Velen van hen droegen een geheim bij zich dat jarenlang verzwegen bleef. Er was geen ruimte voor hun pijn, woede en verdriet. Er rustte een groot taboe op seksueel mis­bruik van min­der­ja­rigen, zeker door gees­te­lij­ken. Veel slacht­of­fers hebben er ook niet eer­der over ge­spro­ken om hun ouders geen verdriet te doen, die met de beste be­doe­lin­gen hun kind naar een internaat had­den gebracht of actief lieten zijn in de kerk.

Het gaat in de overgrote meer­der­heid van de gevallen om mis­bruik uit het verle­den, al weten wij dat de won­den daar­van nog steeds wor­den gevoeld.

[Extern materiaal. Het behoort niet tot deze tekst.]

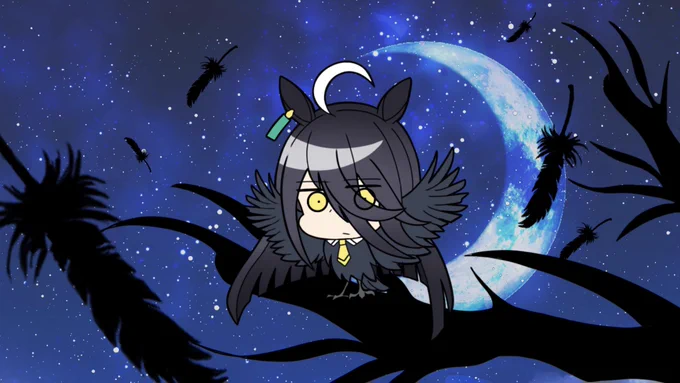 マンハッタンカフェ実装おめでとうございます。これはトリ娘マンハッタンカラス
#ウマ娘 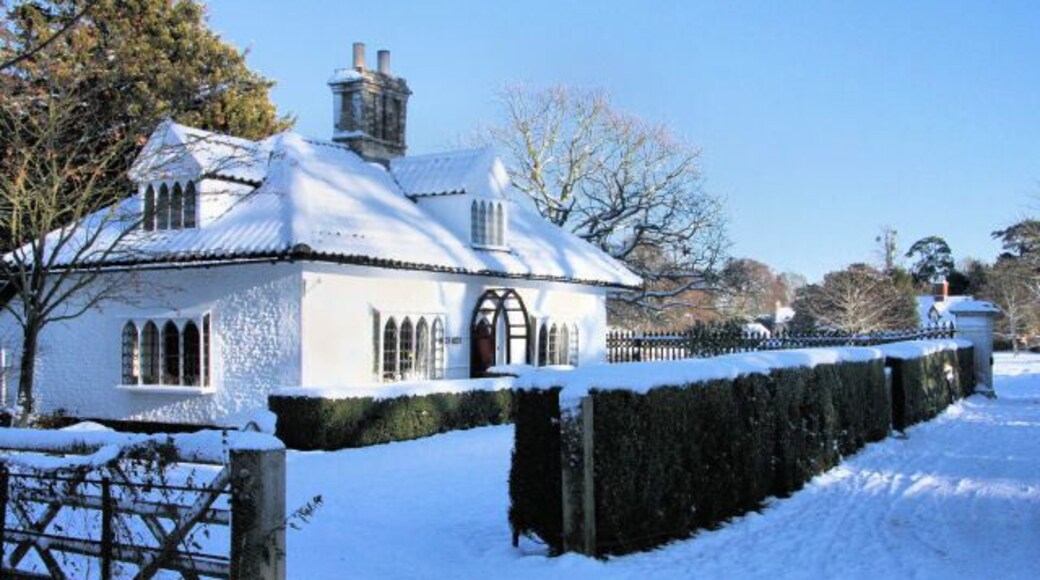 Gatehouse to Ickworth Park Shown as 'Lodge' on the OS map, this is '1 Gatehouse' above the door. The main entrance to the Park is adjacent.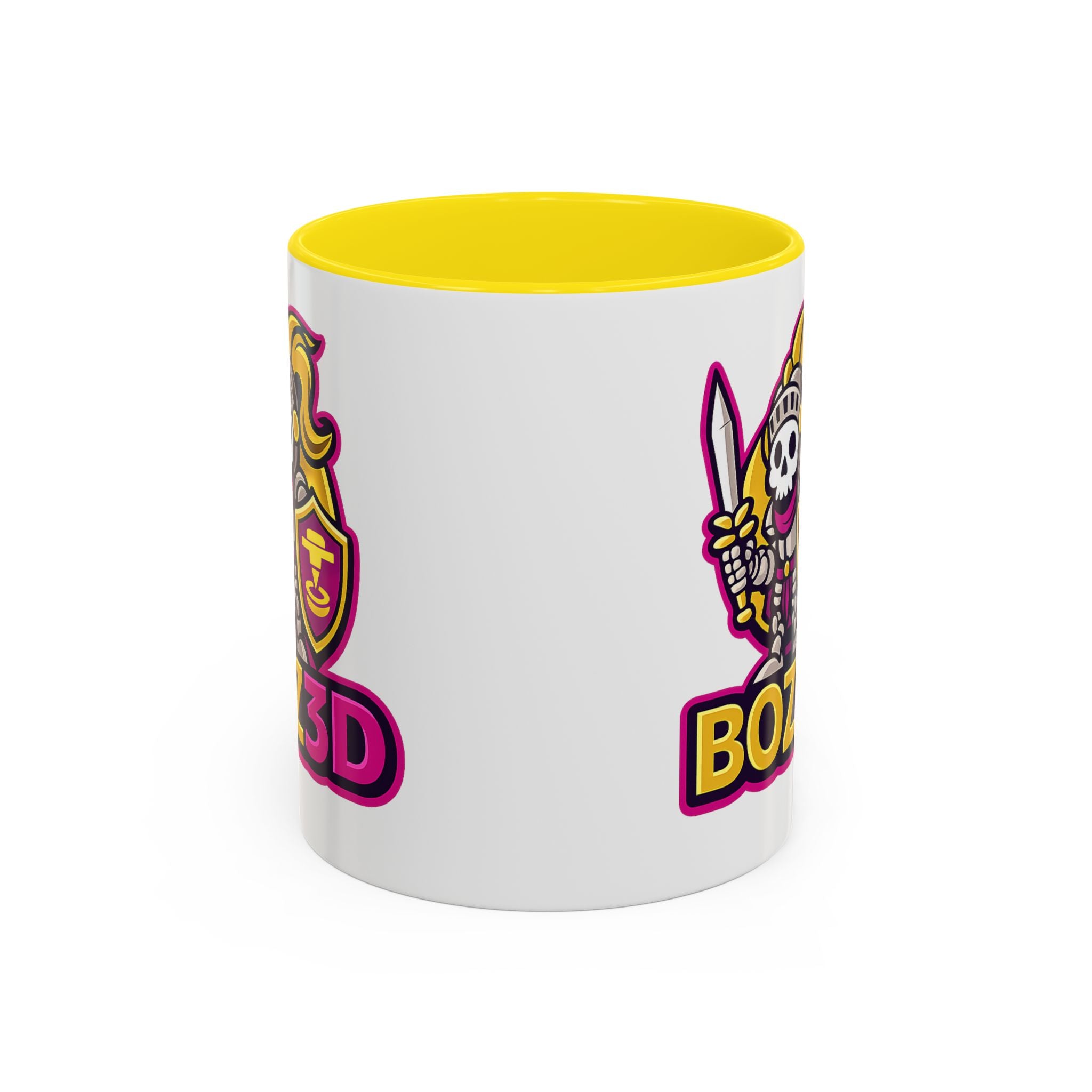 Skull Knight Logo Accent Coffee Mug (11/15oz) — BOZ3D Gaming Drinkware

Sinds 1995 kende de Katho­lie­ke Kerk in ons land een ker­ke­lijke stich­ting voor de be­han­de­ling van klachten van seksueel mis­bruik: ‘Hulp & Recht’. Maar toen er vanaf februari 2010 vele schokkende verhalen in een korte tijd naar buiten kwamen, bleken ook de door onze Kerk opgezette hulp­ver­le­ning en pro­ce­dures, ondanks de grote inzet en goede be­doe­lin­gen, niet voldoende adequaat. Op advies, verstrekt door de ‘Com­mis­sie Deetman’ in eer­der ge­pu­bli­ceerde tussen­rap­porten, is een onaf­han­ke­lijke stich­ting naar Neder­lands recht opgericht, waar­on­der een meld­punt, een klachten­com­mis­sie en een platform hulp­ver­le­ning vallen. Binnen dit kader is tevens gevolg gegeven aan de aanbeveling van de ‘Com­mis­sie Deetman’ om het onder­zoek van klachten van seksueel mis­bruik en het hulp­ver­le­ningsaanbod van elkaar te schei­den.

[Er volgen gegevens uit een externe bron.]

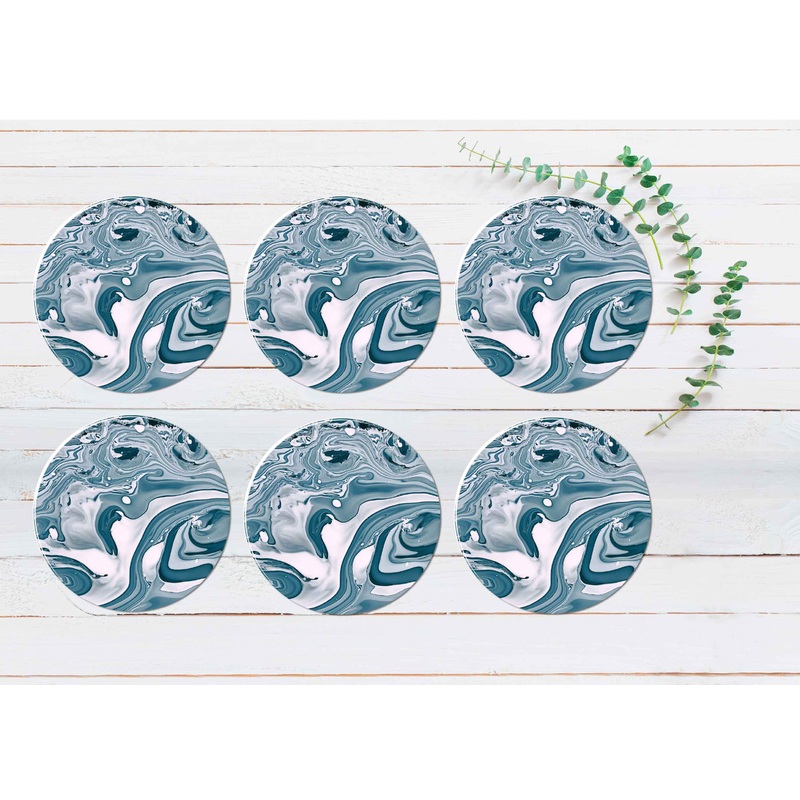 Blue Gold Lines Fluid Abstract Coasters Wood & Rubber - Set of 6 Coasters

Tijdens het onder­zoek van de ‘Com­mis­sie Deetman’ is er namens de bis­schop­pen en de Neder­landse reli­gi­euzen diverse keren ge­spro­ken met slacht­of­fer­groepen en is er hard gewerkt om zorg­vul­dige rege­lingen te treffen om slacht­of­fers in contact te brengen met hulp­ver­le­ners. Bis­schop­pen en reli­gi­euze oversten hebben ook zelf ge­spro­ken met slacht­of­fers. Ook zijn op het terrein van de compen­sa­tie onaf­han­ke­lijke des­kun­digen ingeschakeld en is er met hen door ons uit­voerig overleg gevoerd en zijn er compen­sa­tie­rege­lingen getroffen.

Gedurende het onder­zoek was het be­lang­rijk dat eerst voor de slacht­of­fers werd gezorgd en dat imperfecte systemen verbeterd wer­den. Op grond van de tussen­rap­portages van de ‘Com­mis­sie Deetman’ is er nu een nieuw meld­punt geko­men, dat de achterstand van de afgelopen jaren bij ‘Hulp & Recht’ in hoog tempo ver­werkt.

Maar ook de verhel­dering van de ach­ter­gron­den van het mis­bruik is van belang. De uit­kom­sten van het weten­schap­pe­lijk deel van het onder­zoek van de ‘Com­mis­sie Deetman’ zullen we de ko­men­de weken bestu­de­ren in het licht van de vraag hoe wij als ker­ke­lijke lei­ders het beste kan­di­da­ten voor pas­to­rale bedie­ningen en het reli­gi­euze leven kunnen beoor­de­len en be­ge­lei­den.

Al de nodige jaren wordt er een gedegen aanname­pro­ce­du­re gehan­teerd voor pries­ter­kan­di­da­ten en allen die in het pas­to­raat in onze pa­ro­chies werk­zaam willen zijn. Bestaande gedrags­regels wor­den opnieuw tegen het licht gehou­den en zo nodig geïntensi­veerd.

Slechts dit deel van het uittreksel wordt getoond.